Fewer False Alarms
“We go where you go,” says the Army and Air Force Exchange Service (AAFES). The customers of AAFES are soldiers, airmen and their families on Army and Air Force bases around the world, and all military personnel through the All-Services Exchange Catalog and All-Services Exchange Online Store.
As service members are being deployed to remote locations around the world to fight terrorism, AAFES supplies them with necessities and brings a touch of home.
Today’s AAFES operates more than 12,000 facilities worldwide, in 25 countries and areas overseas as well as in every state in the union. There are 1,423 retail facilities, 218 military clothing stores at Army and Air Force installations, and 1,410 food facilities including mobile units, snack bars, fast-food franchises and concession operations.
The service also runs theaters, vending centers and the Department of Defense Dependent Schools Program that serves 27,000 lunches daily to children in military families living abroad.
It all begins in Dallas at the AAFES world headquarters, the full-maintenance SupportLINK for the organization. All the buying and hiring is done there, the main records and databases are maintained, and managers for the facilities are trained and dispatched around the world.

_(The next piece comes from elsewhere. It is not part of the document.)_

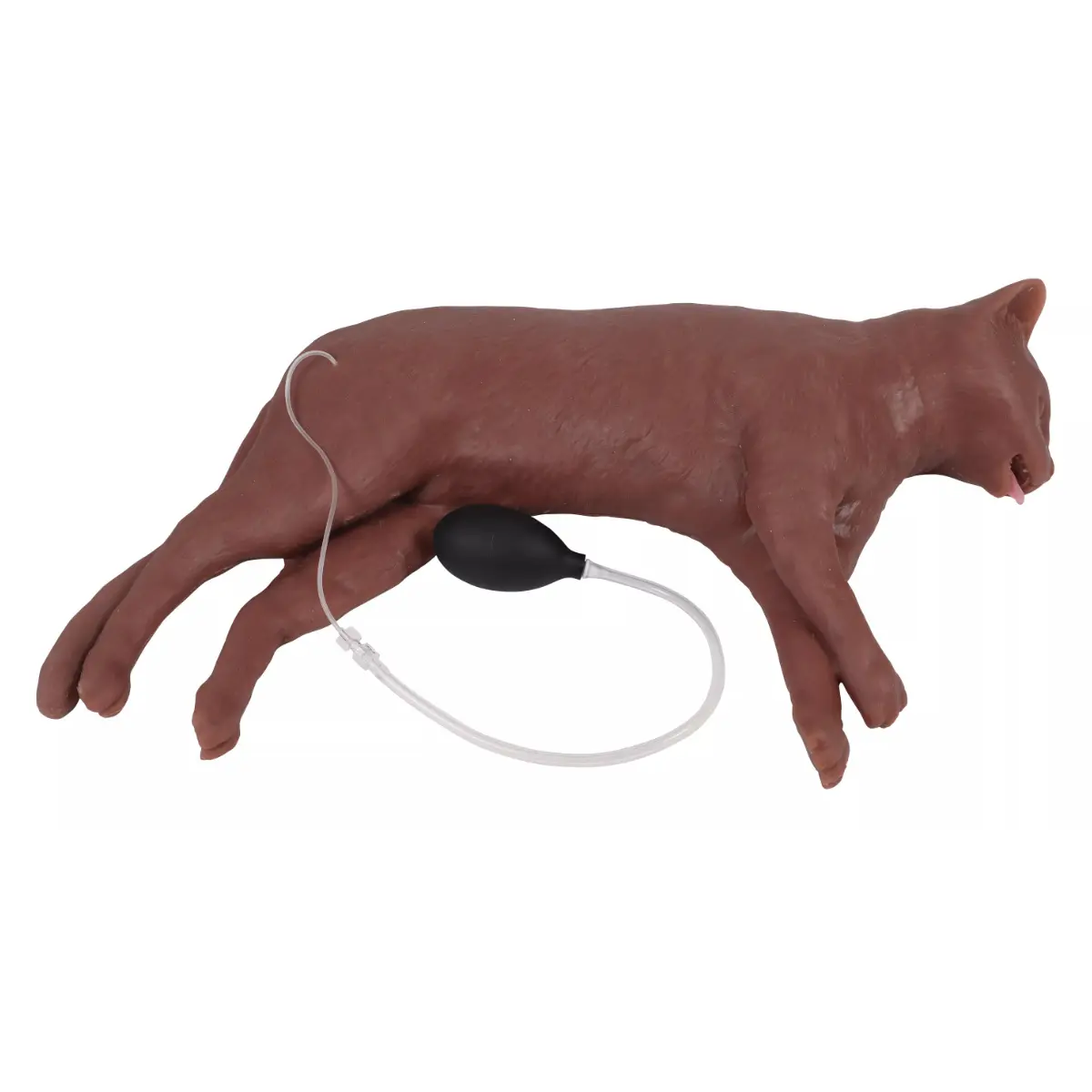 “CaPpeR” feline CPR training manikin “CaPpeR” feline CPR training manikin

Headquarters is a six-story building and an attached three-story North Building. The facility also houses Military Star, the military credit card system, and a 24-hour worldwide radio broadcast/TV network. Some 2,300 people work in the HQ facility. Protection of life safety and property from threat of fire is essential for employees, contractors and visiting businesspeople, as well as for the infrastructure, technology and records.
Protection is provided by an MXL multiplexed, distributed-intelligence detection system from the Fire Safety Division of Siemens Building Technologies Inc. of Florham Park, NJ. In the facility’s crisis room, a networked MXL fire alarm panel complete with NCC-NT computer graphics supervises detectors and other devices located throughout the facility. A second, networked MXL control panel — this one with printer — is located in the enterprise technology center.
Siemens Fireprint application-specific smoke detectors are located in corridors and paths of egress and underfloor in the computer room at the enterprise tech center. Other addressable smoke and duct detectors, addressable manual fire alarm stations and ADA-approved horn/strobes are located throughout the buildings. The system also provides an Alpha Paging Interface.
Anthony Bloodworth, senior technical representative has hands-on knowledge of, and responsibility for, the fire safety system. The new addressable system, he notes, replaces an older system, which was notorious for its false alarms. The new Siemens system saves many hours of time previously lost through false alarms.
ROY PIERCE is the assistant chief of the facility management branch of AAFES. He is responsible for enforcing contracts and performance for fire safety systems, air conditioning, security, elevators, janitorial and yard services of AAFES facilities in the entire Dallas Metroplex area, including headquarters.